The clock is loud, its tick-tock echoing somewhere in the room. When I find it, it’s inside the entertainment cabinet, its battery slowly running out for the digital readout for the fourth city – now unnamed for its label peeled off a long time ago – is blinking, like a light about to go out.
Hoping that the battery compartment hasn’t rusted, for it’s probably been at least four years since I’ve replaced it, I flip up the lid and sigh, relieved, that the compartment is fine. When I change the battery – it takes only one – the tick tock becomes louder, and I remember one night long ago when I had a lover over and he complained that he could not sleep because of the damn clock that kept on going and going and going.
It’s my father’s clock, I told him. He got it as a business gift or something a long, long time ago. I was probably only a teen.
Well, it’s too noisy, he grumbled. I can’t believe how you can sleep through that.
Well, I can, I said.
Well, I can’t, he said.
Well, you can go then, I said.
Well, I will, then, he said.
Well, good-bye then, I said.
And so he left at around 3 am. I remember, because that’s what my father’s clock said.

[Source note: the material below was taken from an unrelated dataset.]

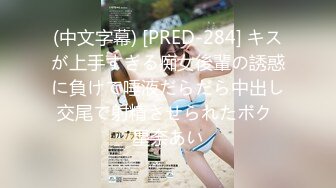 [MP4]麻豆传媒 RR-011《少女惨遭继父诱奸》爸爸和叔叔同时抽插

It’s a small thing, about 6 inches wide by 3 or so inches high. It has a square face that tells the current time, while on either side of it are digital times for Paris, San Francisco, New York, and if I remember correctly, for the one whose sticker came off, Tokyo. It was a gift to my father by some one who worked for Evergreen Line, a “unified common trade name for the four shipping companies of the Evergreen Group,” or so says their current website.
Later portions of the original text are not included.